A Nobel Peace Prize for the European Union only discredits the award

The Nobel Peace Prize has been discredited by their decision to give the award to the EU

SIR – When the concept of the Nobel Peace Prize was first devised, it could hardly have been thought that over 100 years later it would be awarded so cynically and with such little regard to the reality of what damage the European Union has caused (Leading article, October 13).

The EU is not a union that has contributed to peace, but an uneasy alliance of member states eating and stealing from the same trough. It is without honour either in concept or in delivery. The fallout from the forced adoption of the single currency by member states has created huge tensions, which will continue a pattern of social unrest.

This prize heaps much discredit on those who have awarded it, matched by those who receive it.

Tim Savidge

Chester

SIR – When President Obama was awarded the Nobel Peace Prize in 2009, I was saddened that such an auspicious committee had succumbed to political influence. With the EU winning this year, the transformation is complete.

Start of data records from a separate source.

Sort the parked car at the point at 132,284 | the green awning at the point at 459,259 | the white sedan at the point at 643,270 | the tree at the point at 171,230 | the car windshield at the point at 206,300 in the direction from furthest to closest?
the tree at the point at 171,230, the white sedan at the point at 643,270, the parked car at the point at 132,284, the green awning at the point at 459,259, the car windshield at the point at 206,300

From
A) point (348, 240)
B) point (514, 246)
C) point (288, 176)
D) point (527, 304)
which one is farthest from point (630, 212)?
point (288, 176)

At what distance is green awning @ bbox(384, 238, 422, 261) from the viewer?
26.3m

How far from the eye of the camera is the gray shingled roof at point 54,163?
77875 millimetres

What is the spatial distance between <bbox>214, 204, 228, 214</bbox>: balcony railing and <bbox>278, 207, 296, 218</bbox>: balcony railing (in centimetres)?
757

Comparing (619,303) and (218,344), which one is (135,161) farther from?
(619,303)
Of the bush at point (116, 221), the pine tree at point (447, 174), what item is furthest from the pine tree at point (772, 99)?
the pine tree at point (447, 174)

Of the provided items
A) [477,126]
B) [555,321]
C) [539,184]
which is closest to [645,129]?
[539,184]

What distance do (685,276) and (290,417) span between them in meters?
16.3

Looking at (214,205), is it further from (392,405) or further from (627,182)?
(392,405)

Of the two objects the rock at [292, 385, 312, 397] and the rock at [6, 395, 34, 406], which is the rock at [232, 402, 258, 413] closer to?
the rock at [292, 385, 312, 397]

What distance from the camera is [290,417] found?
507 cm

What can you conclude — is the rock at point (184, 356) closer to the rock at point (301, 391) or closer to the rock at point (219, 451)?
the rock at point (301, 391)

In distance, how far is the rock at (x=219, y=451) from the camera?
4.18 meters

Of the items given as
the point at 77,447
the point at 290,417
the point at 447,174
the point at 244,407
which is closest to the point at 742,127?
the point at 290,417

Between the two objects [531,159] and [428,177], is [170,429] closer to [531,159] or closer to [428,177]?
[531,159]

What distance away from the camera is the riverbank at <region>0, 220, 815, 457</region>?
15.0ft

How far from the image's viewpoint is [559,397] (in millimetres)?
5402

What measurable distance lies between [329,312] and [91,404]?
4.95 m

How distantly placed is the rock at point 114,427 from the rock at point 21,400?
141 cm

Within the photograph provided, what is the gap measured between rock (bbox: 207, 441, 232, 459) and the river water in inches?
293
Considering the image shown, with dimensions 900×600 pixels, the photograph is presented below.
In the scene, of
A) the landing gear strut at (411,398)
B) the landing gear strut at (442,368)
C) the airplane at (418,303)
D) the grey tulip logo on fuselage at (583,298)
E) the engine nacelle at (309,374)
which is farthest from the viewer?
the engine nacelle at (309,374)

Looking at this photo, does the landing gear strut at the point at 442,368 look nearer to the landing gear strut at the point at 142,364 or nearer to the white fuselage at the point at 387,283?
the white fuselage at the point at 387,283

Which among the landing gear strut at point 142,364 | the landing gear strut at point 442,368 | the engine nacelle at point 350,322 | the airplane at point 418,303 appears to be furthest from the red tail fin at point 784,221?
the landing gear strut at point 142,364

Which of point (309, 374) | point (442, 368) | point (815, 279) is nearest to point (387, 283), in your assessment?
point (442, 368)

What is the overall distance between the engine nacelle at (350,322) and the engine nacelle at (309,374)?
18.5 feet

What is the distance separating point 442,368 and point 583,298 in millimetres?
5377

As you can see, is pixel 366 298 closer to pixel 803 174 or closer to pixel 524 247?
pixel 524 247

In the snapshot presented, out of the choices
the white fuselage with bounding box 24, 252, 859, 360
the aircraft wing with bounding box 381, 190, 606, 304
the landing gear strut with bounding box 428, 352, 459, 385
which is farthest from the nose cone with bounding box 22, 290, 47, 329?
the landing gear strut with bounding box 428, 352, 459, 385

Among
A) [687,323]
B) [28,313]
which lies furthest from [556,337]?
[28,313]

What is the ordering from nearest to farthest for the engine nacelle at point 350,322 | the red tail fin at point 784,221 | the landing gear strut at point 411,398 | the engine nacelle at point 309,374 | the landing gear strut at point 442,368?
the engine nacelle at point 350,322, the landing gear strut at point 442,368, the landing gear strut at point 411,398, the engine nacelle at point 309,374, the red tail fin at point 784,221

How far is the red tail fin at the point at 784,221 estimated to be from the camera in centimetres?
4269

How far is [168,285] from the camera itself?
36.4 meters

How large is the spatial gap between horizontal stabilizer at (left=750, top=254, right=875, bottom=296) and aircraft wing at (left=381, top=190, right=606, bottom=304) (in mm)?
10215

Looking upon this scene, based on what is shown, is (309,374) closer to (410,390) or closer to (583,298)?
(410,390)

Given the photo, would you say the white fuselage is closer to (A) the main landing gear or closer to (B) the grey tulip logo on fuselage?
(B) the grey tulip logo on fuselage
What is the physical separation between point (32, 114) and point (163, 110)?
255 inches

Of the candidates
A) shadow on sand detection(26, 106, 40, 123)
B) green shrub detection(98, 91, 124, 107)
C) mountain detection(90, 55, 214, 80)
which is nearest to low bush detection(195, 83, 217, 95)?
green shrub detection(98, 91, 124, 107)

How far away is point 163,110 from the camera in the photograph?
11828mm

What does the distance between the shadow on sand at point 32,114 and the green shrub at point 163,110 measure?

Alfred Nobel would be hugely disappointed that his dream of recognising true advances in all walks of life has been hijacked.

Chris Hanscomb
Amersham, Buckinghamshire

SIR – It is hard to imagine a more effective way to discredit this once prestigious award.

Andy Bebbington
Stone, Staffordshire

SIR – Yes, a great union of nation states, born out of the chaos of two world wars, has kept the peace in Europe during six decades.

Today that union richly merits a Nobel Peace Prize. It is, of course, the North Atlantic Treaty Organisation.

Robert Stephenson
Henley-on-Thames, Oxfordshire

SIR – Peace in Europe was secured by defeating militarism and Nazism in two world wars, by the West facing down Communism, and with the ultimate deterrent in the form of nuclear weapons.

Eighteen million citizens are without work and rioting is commonplace; the EU is the least likely bringer of peace.

Russell Hicks
Woldingham, Surrey

SIR – Given the lack of suitable candidates for the Nobel Peace Prize, I would like to nominate my dog, Lassie, and next door’s cat, Sammy Fudge. They spent a lifetime chasing, scratching and warring, but in recent years have relinquished hostilities and co-exist on the carpet together.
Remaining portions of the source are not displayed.